Controlling the False Split Rate in Tree-Based Aggregation
提出一种错误分裂率指标,衡量树结构数据中不应被拆分的子组被错误拆分程度,并设计多重假设检验算法控制该指标,适用于均值聚合和回归系数聚合场景。
In many domains, data measurements can naturally be associated with the leaves of a tree, expressing the relationships among these measurements. For example, companies belong to industries, which in turn belong to ever coarser divisions such as sectors; microbes are commonly arranged in a taxonomic hierarchy from species to kingdoms; street blocks belong to neighborhoods, which in turn belong to larger-scale regions.
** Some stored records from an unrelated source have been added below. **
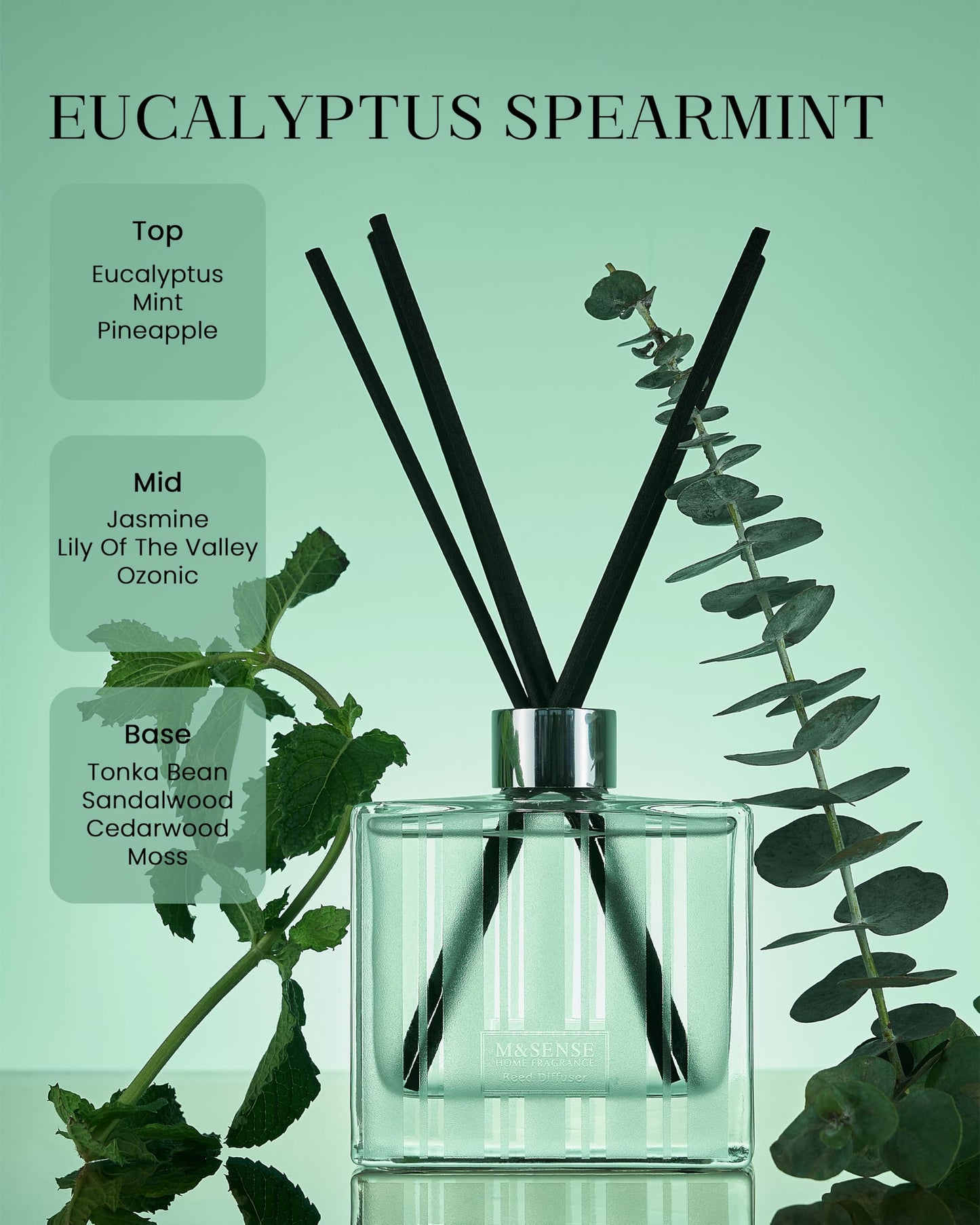 M&SENSE Eucalyptus Spearmint Reed Diffuser Set - 7.04oz Diffuser with Sticks, Rich Fragrance & Refreshing Non-Toxic Scent for Home Bathroom Office Study Other Workspaces Needing Focus, Gifts for Women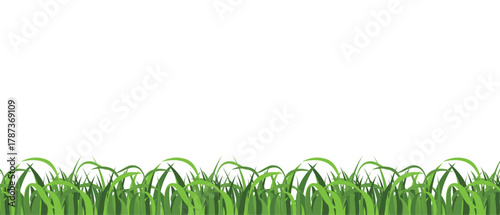 green grass lawn border or meadow vector illustration set .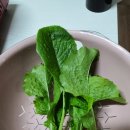 창뜰농장 이미지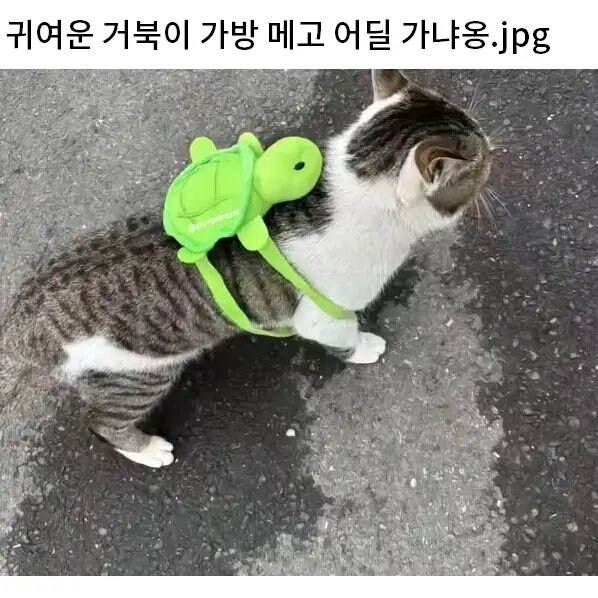 img/25/04/02/195f4eaba8858a7c5.png
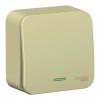 Переключатель 1-клавишный SYSTEME ELECTRIC BLANCA, открытый монтаж, бежевый, BLNVA106117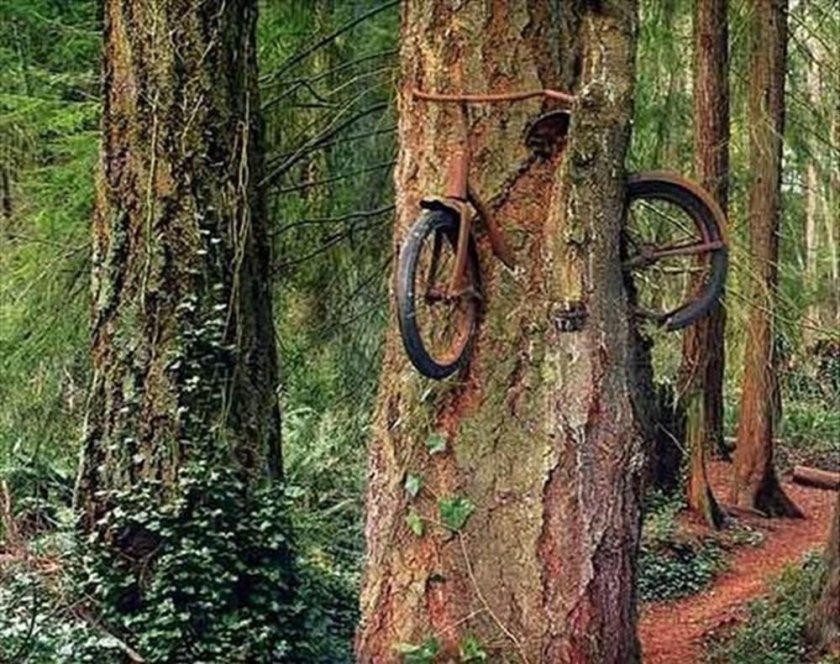 Велосипед врос в дерево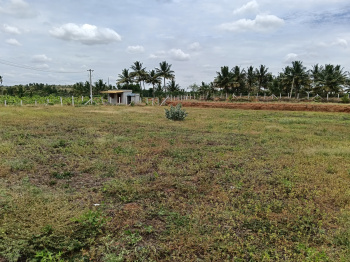 Agricultural/Farm Land for Sale in Shoolagiri, Krishnagiri (1.04 Acre)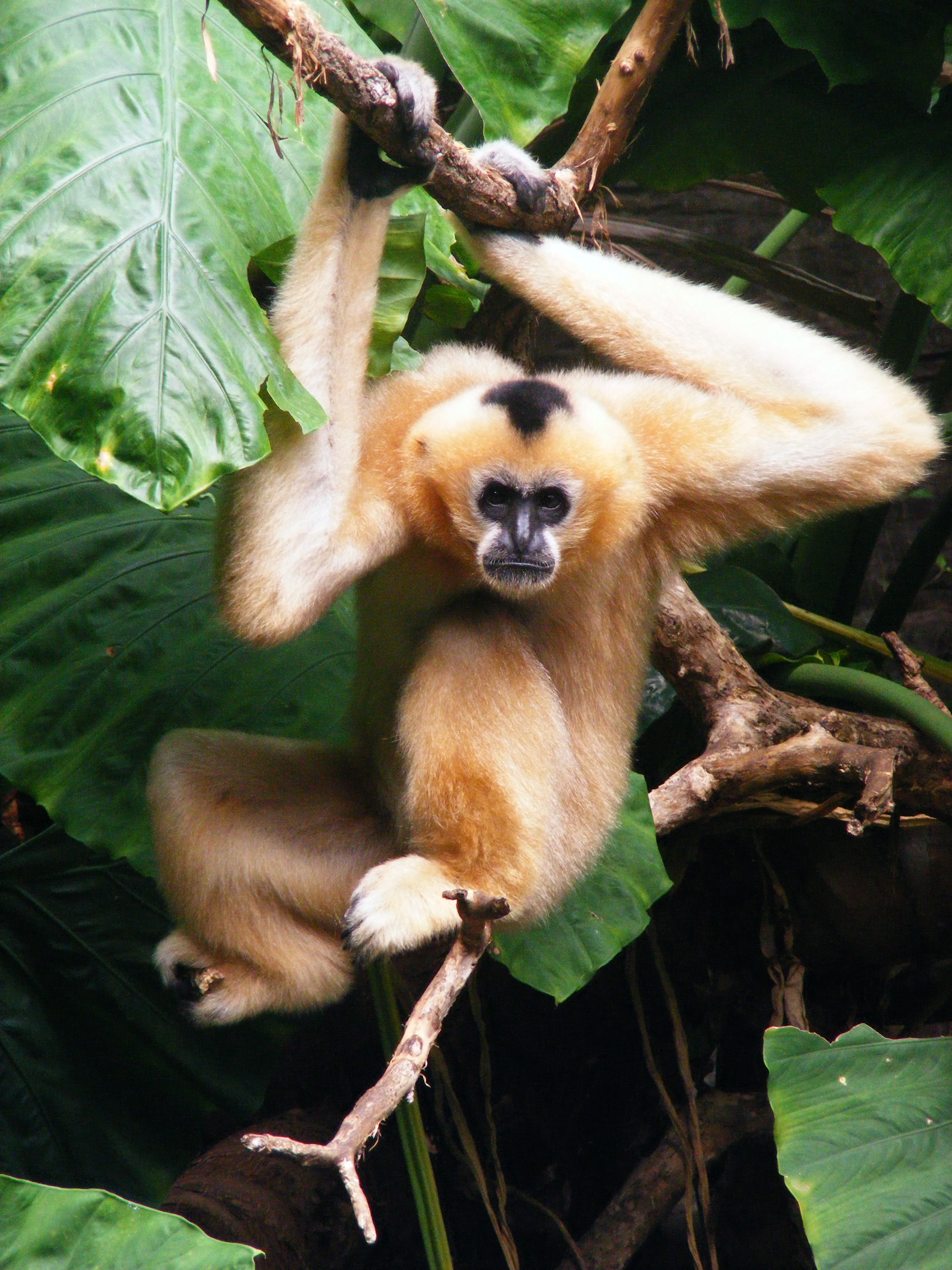 File:White-Cheeked Gibbon (Female).jpg - Wikimedia Commons
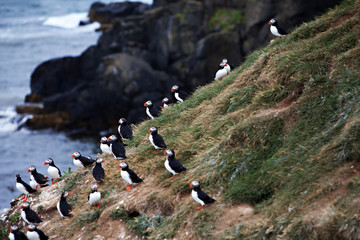 Puffins on Icelandic Cliff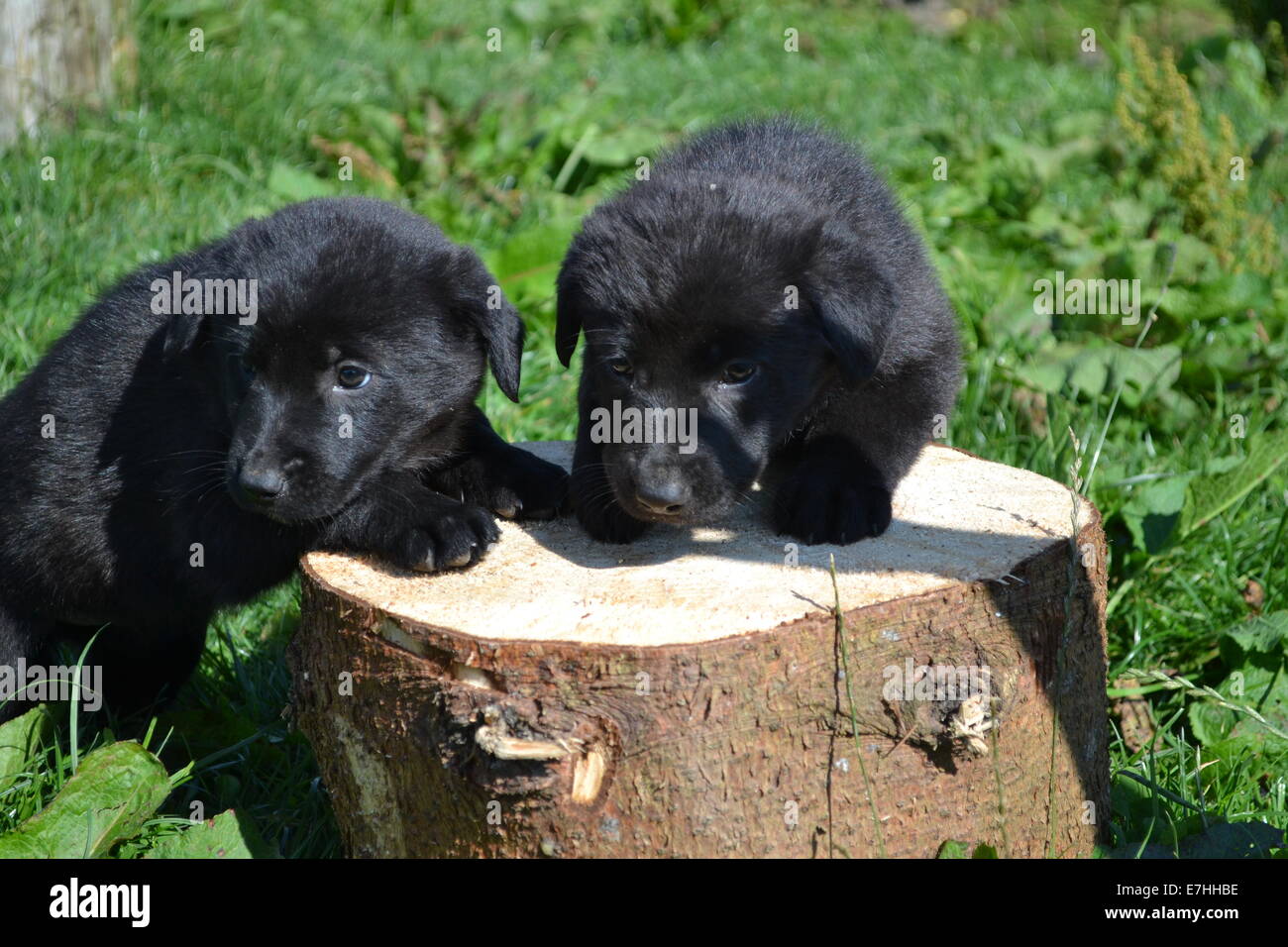 two black puppys Stock Photo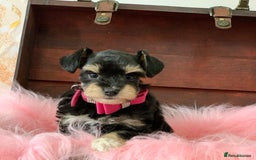 Miniature Schnauzer dogs for sale: 5* Licensed KC Toy Chocolate Schnauzers - Image 13
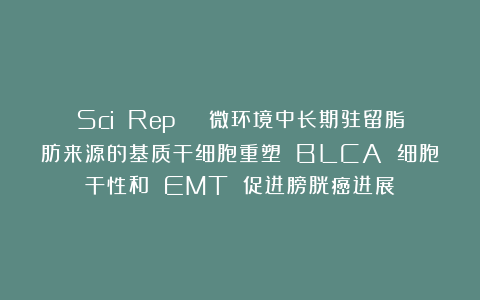 Sci Rep | 微环境中长期驻留脂肪来源的基质干细胞重塑 BLCA 细胞干性和 EMT 促进膀胱癌进展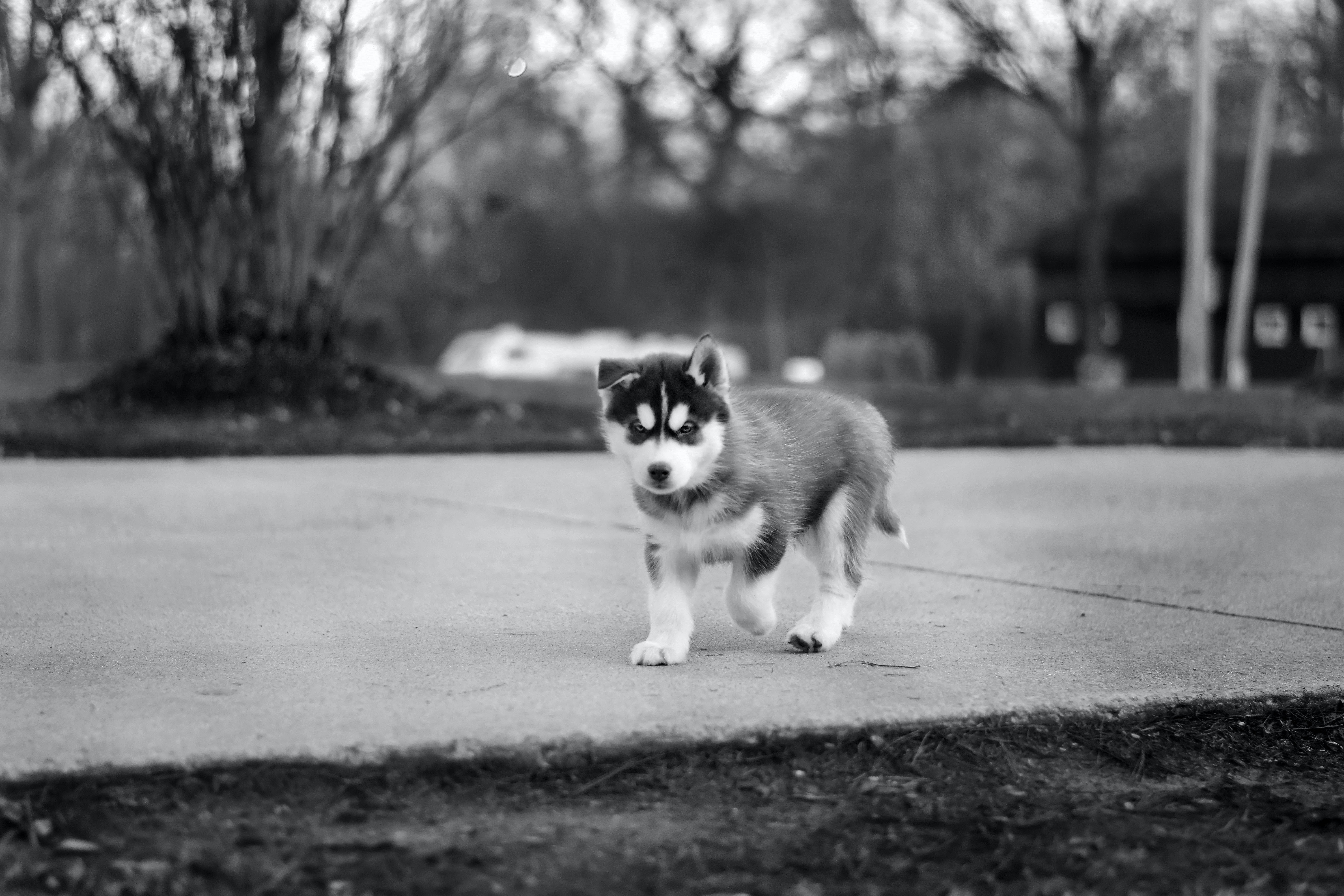 husky puppy, black and white, paved path, 5K Desktop Wallpaper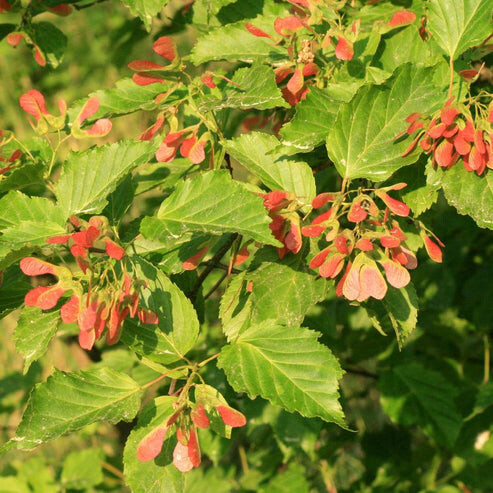 Клен прирічковий (гіннала) - 4 Клен прирічковий (гіннала) - 4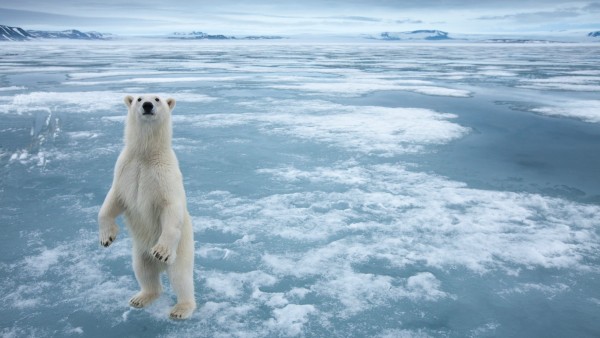 Широкоформатные обои hd белого медведя на льду бесплатно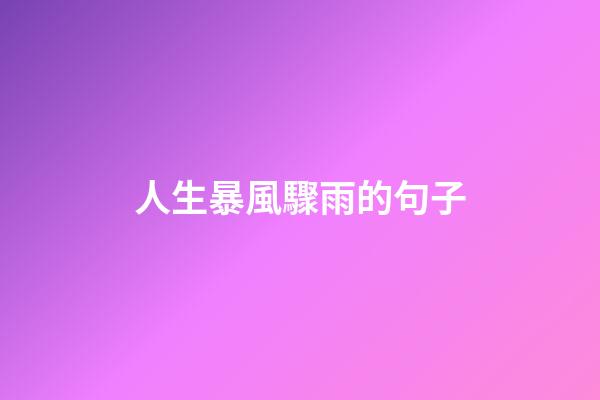 人生暴風驟雨的句子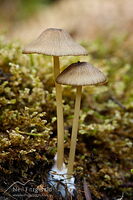 Mushroom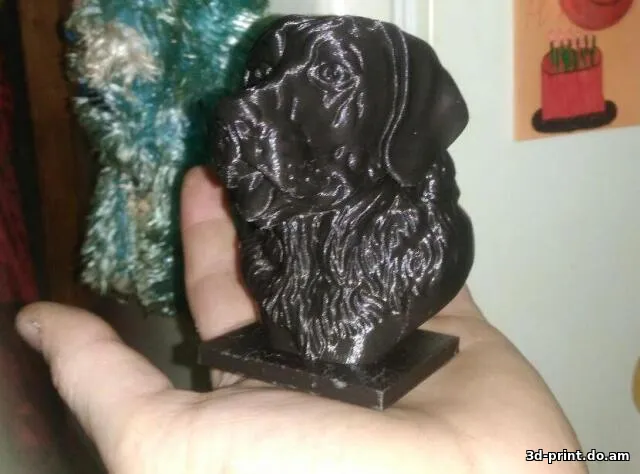 3D-модель "Бюст лабрадора"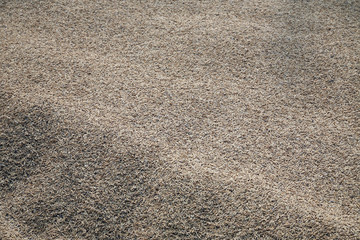Harvested rice being dried.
The problem of tree-based aggregation that we consider in this article asks which of these tree-defined subgroups of leaves should really be treated as a single entity and which of these entities should be distinguished from each other. We introduce the false split rate, an error measure that describes the degree to which subgroups have been split when they should not have been. While expressible as the false discovery rate in a special case, we show that these measures can be quite different for the general tree structures common in our setting. We then propose a multiple hypothesis testing algorithm for tree-based aggregation, which we prove controls this error measure. We focus on two main examples of tree-based aggregation, one which involves aggregating means and the other hich involves aggregating regression coefficients. Supplementary materials for this article are available online, including a standardized description of the materials available for reproducing the work.